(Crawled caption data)
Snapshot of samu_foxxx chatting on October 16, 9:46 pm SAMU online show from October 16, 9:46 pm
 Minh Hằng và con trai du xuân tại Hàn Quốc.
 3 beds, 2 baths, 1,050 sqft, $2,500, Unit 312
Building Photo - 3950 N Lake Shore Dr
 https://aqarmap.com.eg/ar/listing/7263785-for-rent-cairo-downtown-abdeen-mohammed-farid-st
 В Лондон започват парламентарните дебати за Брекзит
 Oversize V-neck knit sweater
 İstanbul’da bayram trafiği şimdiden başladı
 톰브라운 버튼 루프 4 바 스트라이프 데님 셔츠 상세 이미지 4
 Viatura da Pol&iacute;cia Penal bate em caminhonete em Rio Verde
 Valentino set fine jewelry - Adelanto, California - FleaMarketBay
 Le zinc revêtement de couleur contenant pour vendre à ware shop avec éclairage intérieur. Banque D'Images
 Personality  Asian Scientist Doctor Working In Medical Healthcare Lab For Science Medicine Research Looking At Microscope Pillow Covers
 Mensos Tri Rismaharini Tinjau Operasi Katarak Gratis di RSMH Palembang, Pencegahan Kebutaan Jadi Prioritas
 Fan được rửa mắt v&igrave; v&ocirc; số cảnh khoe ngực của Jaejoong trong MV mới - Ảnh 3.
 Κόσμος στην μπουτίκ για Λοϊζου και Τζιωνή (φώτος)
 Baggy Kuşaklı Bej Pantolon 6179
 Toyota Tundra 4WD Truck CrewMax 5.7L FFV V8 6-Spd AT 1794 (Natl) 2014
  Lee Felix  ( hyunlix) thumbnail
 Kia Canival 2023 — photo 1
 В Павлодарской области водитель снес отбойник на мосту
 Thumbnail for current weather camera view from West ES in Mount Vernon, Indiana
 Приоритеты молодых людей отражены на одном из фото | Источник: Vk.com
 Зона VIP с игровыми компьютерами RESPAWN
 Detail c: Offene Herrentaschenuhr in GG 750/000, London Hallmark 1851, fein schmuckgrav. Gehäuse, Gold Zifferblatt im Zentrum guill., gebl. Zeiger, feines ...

• _Your goal_:
Search the entries for the word "from", then list each line that holds it.

• _Task response_:
Snapshot of samu_foxxx chatting on October 16, 9:46 pm SAMU online show from October 16, 9:46 pm
 Thumbnail for current weather camera view from West ES in Mount Vernon, Indiana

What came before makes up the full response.